The results of the comparative study are not straightforward (I find). Let us consider a few hypotheses. One hypothesis goes as follows. Sound localization acuity is directly related to the temporal precision of firing of auditory nerve fibers. If this precision is similar for all mammals, then this should correspond to a constant ITD threshold. In terms of angular threshold, sound localization acuity should then be inversely proportional to the largest ITD, and to head size. The same reasoning would go for intensity differences. Philosophically speaking, this corresponds to the classical information-processing view of perception: there is information about sound direction in the ITD, as reflected in the relative timing of spikes, and so sound direction can be estimated with a precision that is directly related to the temporal precision of neural firing. As I have argued many times in this blog, the flaw in the information-processing view is that information is defined with respect to an external reference (sound direction), which is accessible for an external observer. Nothing in the spikes themselves is about space: why would a difference in timing between two specific neurons produce a percept of space? It turns out that, of all the quantities the authors looked at, largest ITD is actually the worst predictor of sound localization acuity. Once the effect of best field of vision is removed, it is essentially uncorrelated (Fig. 8).
A second hypothesis goes as follows. The auditory system can estimate the ITD of sounds, but to interpret this ITD as the angle of the sound source requires calibration (learning), and this calibration requires vision. Therefore, sound localization acuity is directly determined by visual acuity. At first sight, this could be compatible with the information processing view of perception. However, the sound localization threshold is determined in a left/right localization task near the midline, and in fact this task does not require calibration. Indeed, one only needs to know which of the two ITDs is larger. Therefore, in the information-processing view, sound localization acuity should still be related to the temporal precision of neural “coding”. To make this hypothesis compatible with the information-processing view requires an additional evolutionary argument, which goes as follows. The sound localization system is optimized for a different task, absolute (not relative) localization, which requires calibration with vision. Therefore the temporal precision of neural firing, or of the binaural system, should match the required precision for that task. The authors find again that, once the effect of best field of vision is removed, visual acuity is essentially uncorrelated with sound localization acuity (Fig. 8).
Another evolutionary hypothesis could be that sound localization acuity is tuned for the particular needs of the animal. So a predator, like a cat, would need a very accurate sound localization system to be able to find a prey that is hiding. A prey would probably not require such high accuracy to be able to escape from a predator. An animal that is neither a prey nor a predator, like an elephant, would also not need high accuracy. It turns out that the elephant has one of the lowest localization thresholds in all mammals. Again there is no significant correlation once the best field of vision is factored out.
In this study, it appears rather clearly that the single quantity that best predicts sound localization acuity is the width of the best field of vision. First of all, this goes against the common view of the interaction between vision and hearing. According to this view, the visual system localizes the sound source, and this estimation is used to calibrate the sound localization system. If this were right, we would rather expect that localization acuity corresponds to visual acuity.

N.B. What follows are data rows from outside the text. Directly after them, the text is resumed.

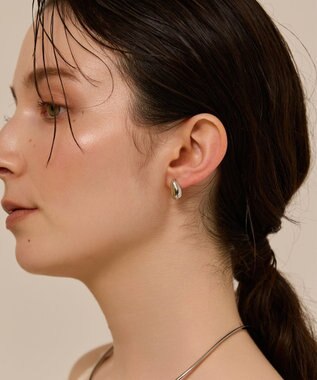 Phoebe 〈金属アレルギー対応〉パフメタルピアス　シルバー/ニッケルフリー シルバー
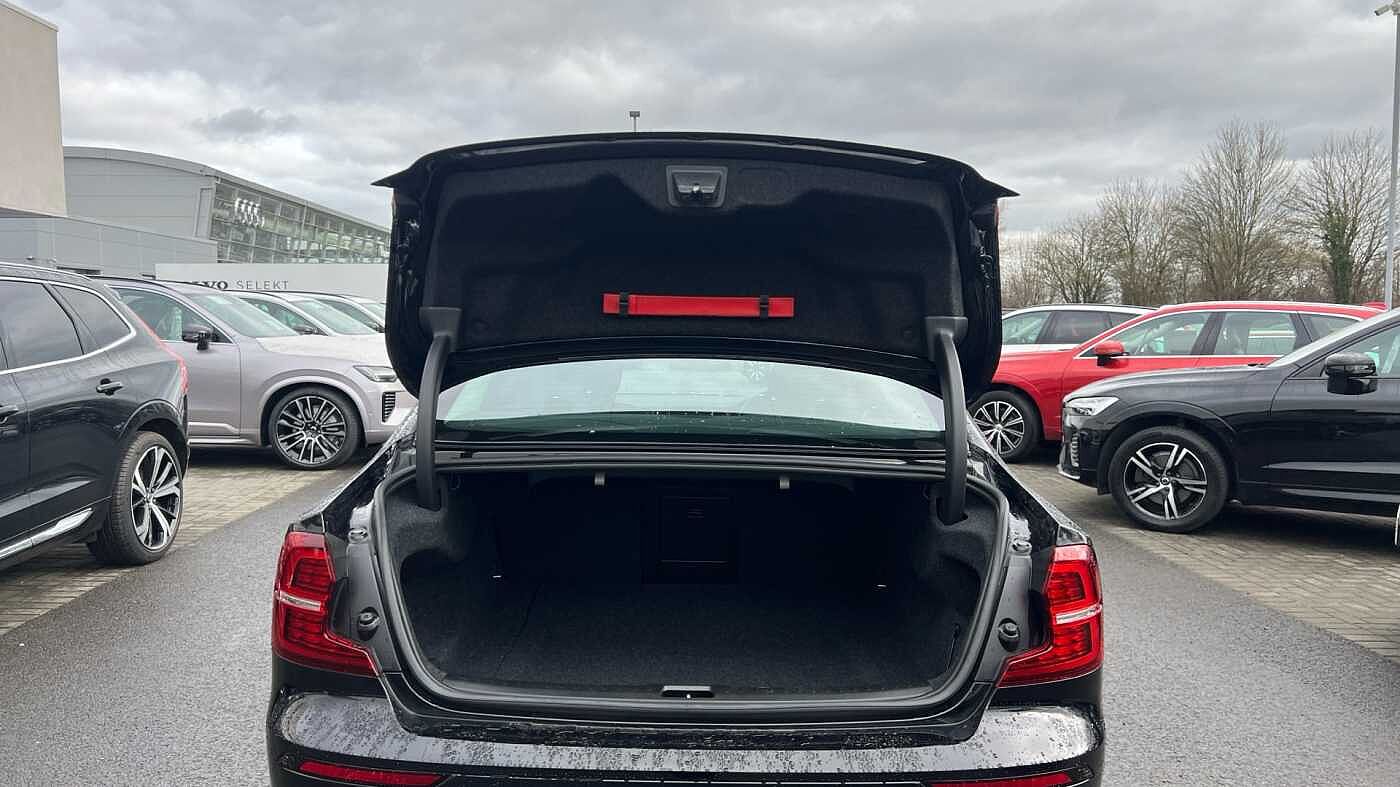 Volvo S60 Plus, B5 AWD Mild hybrid, Petrol, Dark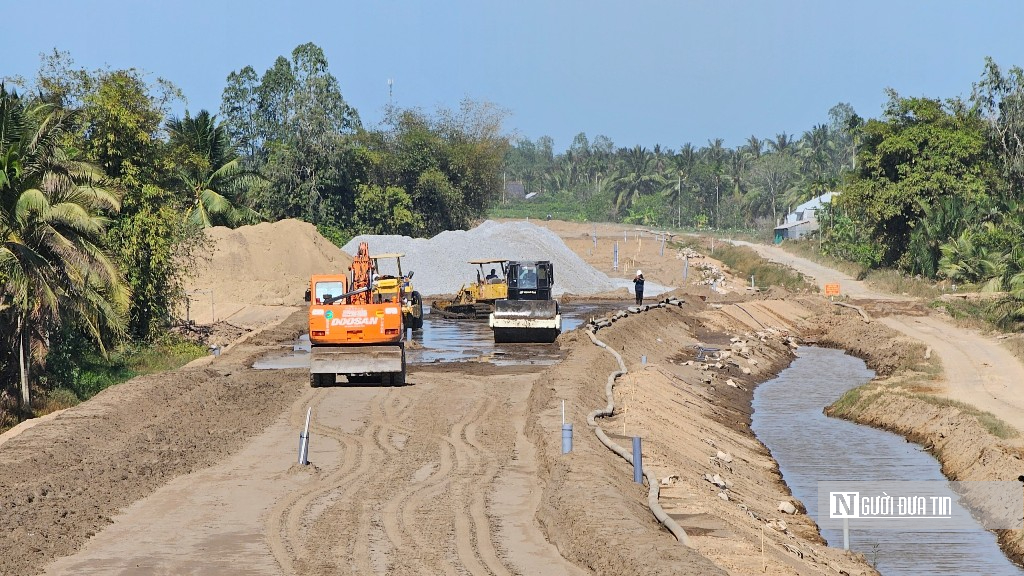 Cận cảnh cầu dây văng trị giá gần 8.000 tỷ, rút ngắn 80km từ ĐBSCL về Tp.HCM- Ảnh 1.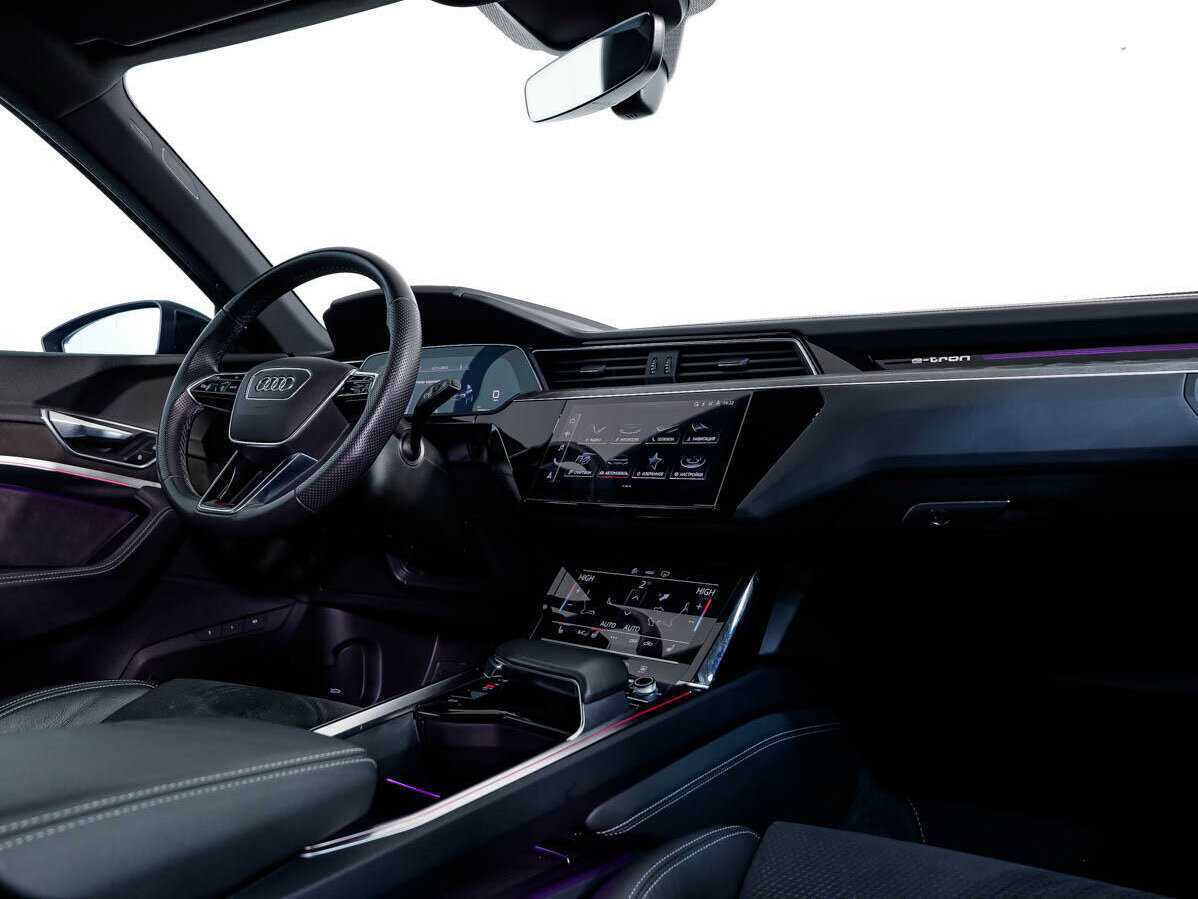 Купить Audi e-tron с пробегом. Фото: #9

In terms of function, the results suggest that sound localization is used by animals to move their eyes so that the source is in the field of best vision. There are different ways to interpret this. The authors seem to follow the information-processing view, with the evolutionary twist: sound localization acuity reflects the precision of the auditory system, but that precision is adapted for the function of sound localization. One difficulty with this interpretation is that the auditory system is also involved in many other tasks that are unrelated to sound localization, such as sound identification. Therefore, only the precision of the sound localization system should be tuned to the difficulty of the task, for example the size of the medial superior olive, which is involved in the processing of ITDs. However, when thinking of intensity rather than timing differences, this view seems to imply that the precision of encoding of monaural intensities should be tuned to the difficulty of the binaural task.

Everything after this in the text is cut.